Tobermory, often called the Canadian tropics, is a small community on the Bruce Peninsula of less than 4,000 people. Every summer, Tobermory welcomes close to 400,000 tourists, (100 x their population!) Once May or June rolls around, people from all over Ontario start flocking to Tobermory to see the impressive, unique rock formations and the clear blue waters. Tobermory is a popular scuba diving and snorkelling destination, as well as cruises, hiking and camping.
Tobermory has many activities and sights that are safe for babies and toddlers. I’ve compiled a list of all the popular things to do in Tobermory with a baby or toddler, and if necessary, how to modify the activities so that they’re safe and doable for this age group. So, let’s dive in!
Things to do in Tobermory with A Baby or Toddler
1. Walks along Little Tub Harbour
Little Tub Harbour (also known as Tobermory Harbour) is the main harbour in town. There’s a marina, dive shops, several restaurants, ice cream places, cafes, and shops that sell Canadiana and beach items, and even a Foodland for grocery shopping.
You can spend a lot of time walking around the Little Tub harbour with a stroller or baby in a carrier. I spent several hours doing this with my 1 and 2-year-old children while my husband was scuba diving and vice versa.
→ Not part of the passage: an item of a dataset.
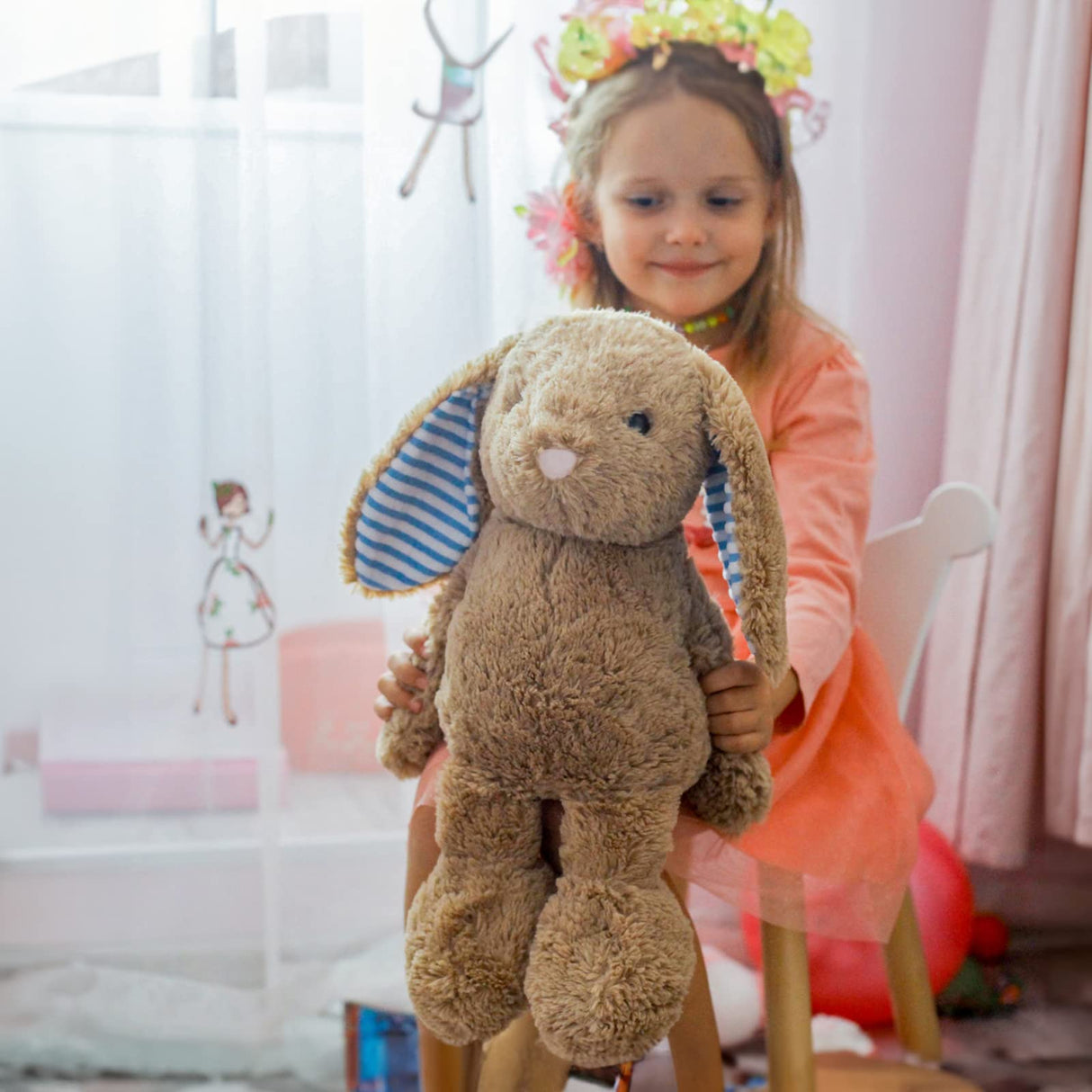 WEIGEDU Rabbit Bunny Stuffed Animals Plush Toys for Kids Boys Girls Birthday Bedtime Christmas Easter Gifts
It’s worth it to mention that not all of the shops are accessible with a stroller, so its almost easier to walk around with a baby carrier if you want to be able to visit all the shops. Based on my summer 2022 visits with a one-year-old, I would say that you can do Little Tub harbour in a baby carrier or a stroller; you just have more options of stores to go into when you don’t have the stroller, as some of them are tricky to get into with their stairs.
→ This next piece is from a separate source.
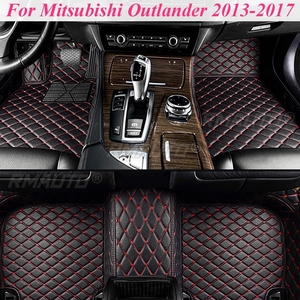 Alfombrillas Impermeables para Coche Mitsubishi Outlander Asx 2011 2012 2013 2014 2015, Accesorios para Coche, Alfombrilla de Piso, Alfombrilla para Pies, Delantera y Trasera, de Cuero - Product Image 2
FYI:The town of Tobermory is currently redoing their sea wall (as of 2023) which is exciting news for us stroller parents, as it might make the accessibility of the businesses even easier at Little Tub – I will update this as I find out more.
Aside from shopping and grabbing coffees and ice cream, here are my favourite Little Tub harbour activities with a baby:
- Watch the boats at the boat docking area (pictured above.)You might also be lucky enough to see and feed some ducks in the boat docking area.
- Walk along the seawall .If you keep walking along Little Tub Harbour past Coconut Joe’s (about a 5-10 minute walk) you will find yourself on a breathtaking scenic route with some beautiful views of the lake. If you keep going along the seawall, there is a dock to your left. This dock is often used by scuba divers to get into the water. At the top of that dock is a compost-style washroom. It’s pretty well maintained, but there are no change tables.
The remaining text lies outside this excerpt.